Se alguém apenas julgar “exagerada” nossa preocupação, sugiro assistir a essa entrevista com Luiz Eduardo Soares (ver este link: https://www.youtube.com/watch?v=yofUUypLTj4&t=36s) assim como também essa entrevista com o professor da UFRRJ José Cláudio Souza Alves (ver este link: https://www.youtube.com/watch?v=DRiJyrPceGI&t=1550s). O professor Souza Alves é o maior especialista no tema das milícias de parapoliciais tanto no Rio de Janeiro (antiga Guanabara) assim como na Baixada Fluminense. Para acompanhar o dia a dia do combate às bandas e facções de parapoliciais, é surpreendente o perfil da Delegacia de Repressão ao Crime Organizado – Inquéritos Especiais (DRACO-IE, Polícia Civil do estado do Rio).
A fábula macabra: o esquema termina no senador Gelatina e o clã dos FA, ou começa?
Voltando ao Arroio de Fevereiro, sempre lembrando que é melhor prevenir do que remediar e que a Terra continua redonda, nos perguntamos se o esquema que envolve a seguinte fórmula:
Rachadinha de gabinete na Assembleia + multiplicação do patrimônio imobiliário + subavaliação dos mesmos imóveis (magros na compra e gordos na venda) = capitalização e lavagem das Milícias de Parapoliciais.
Se for esta a fórmula, logo o emprego de parentes diretos de perigosos operadores do crime no nexo policial-paramilitar é a ponta de um esquema que pode se nacionalizar caso os aliados do clã dos Fascistas Arrivistas realmente tiverem o controle sobre rodovias interligadas e áreas portuárias (de desembarque) e retro portuárias (para escoamento).

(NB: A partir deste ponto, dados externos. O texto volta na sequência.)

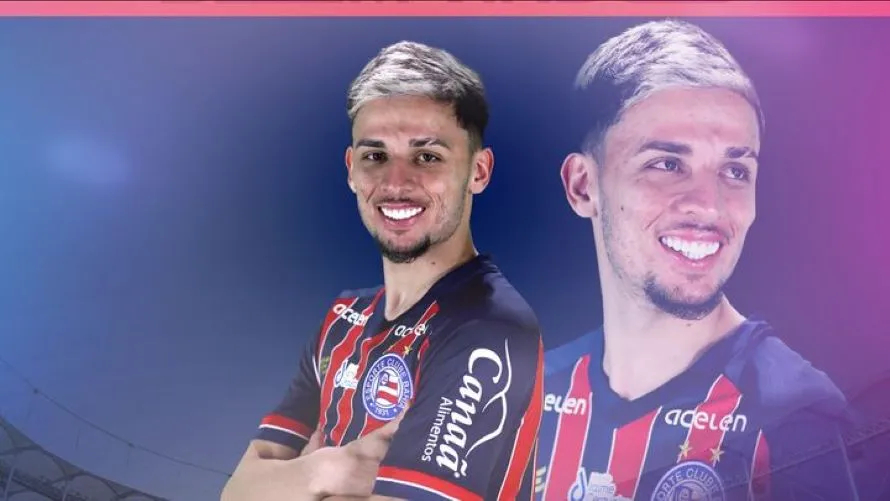 Atacante Biel é o novo reforço do Bahia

Assim, o domínio territorial na Zona Oeste e na Baixada – em esquema coligado pelo visto, mas ainda que exista concorrência entre outras facções de paramilitares – incide na capacidade extratora que, nos tempos modernos, majoritariamente pertence aos aparelhos de Estado. Isso caracteriza um Estado falido em nível subnacional com vínculos diretos ao Poder Executivo da vergonhosa República Bananisteira sob o desgoverno da extrema direita alinhada com o ultraliberalismo econômico.
Daí o nexo do Perigo Tipo 1, modalidade mais comum no Arroio de Fevereiro, sendo entreverado com outros perigos aqui narrados, pulando de 1 para 3 através justamente da capacidade de intermediação. Uma vez arraigado, é possível nacionalizar o modelo, já que o papai do tremelique tem adeptos acéfalos em todo o Bananistão. O alerta é pela gravidade da situação e a complexidade do modelo de parapolicialismo. Toda atenção é pouca e toda e qualquer denúncia se faz urgente e necessária.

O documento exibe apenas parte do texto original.